- **TASK**: Omit all pictures, then print the entries exactly.
=== ENTRIES PROVIDED ===
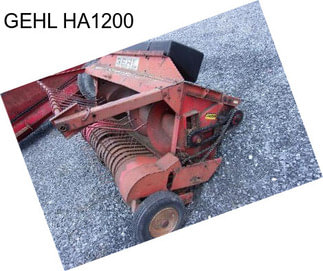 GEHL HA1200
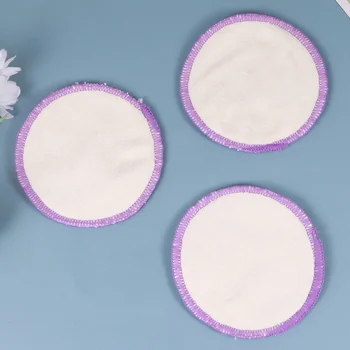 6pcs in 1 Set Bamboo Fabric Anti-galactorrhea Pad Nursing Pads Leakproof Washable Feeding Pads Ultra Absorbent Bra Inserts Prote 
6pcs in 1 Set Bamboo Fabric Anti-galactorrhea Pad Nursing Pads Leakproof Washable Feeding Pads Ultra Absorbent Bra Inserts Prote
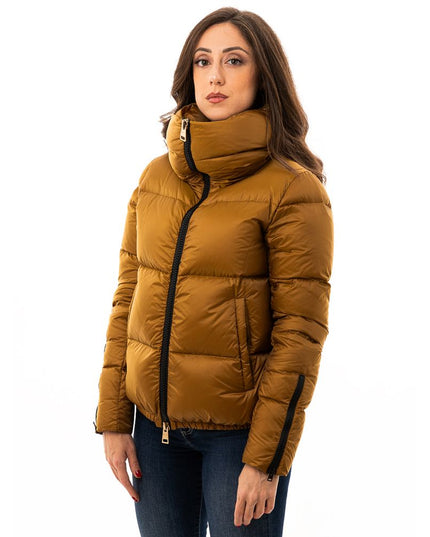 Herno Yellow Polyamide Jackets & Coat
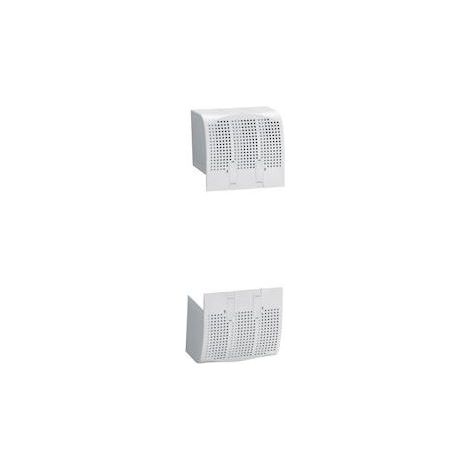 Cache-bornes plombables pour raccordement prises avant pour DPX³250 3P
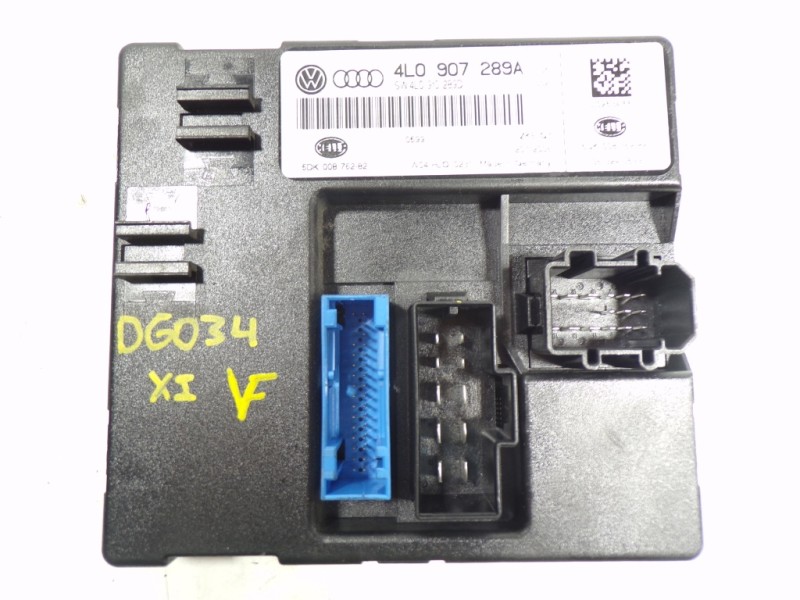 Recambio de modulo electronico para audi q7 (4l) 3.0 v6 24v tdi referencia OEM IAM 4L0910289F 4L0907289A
===
- **SOLUTION**:
 GEHL HA1200
 6pcs in 1 Set Bamboo Fabric Anti-galactorrhea Pad Nursing Pads Leakproof Washable Feeding Pads Ultra Absorbent Bra Inserts Prote 
6pcs in 1 Set Bamboo Fabric Anti-galactorrhea Pad Nursing Pads Leakproof Washable Feeding Pads Ultra Absorbent Bra Inserts Prote
 Herno Yellow Polyamide Jackets & Coat
 Cache-bornes plombables pour raccordement prises avant pour DPX³250 3P
 Recambio de modulo electronico para audi q7 (4l) 3.0 v6 24v tdi referencia OEM IAM 4L0910289F 4L0907289A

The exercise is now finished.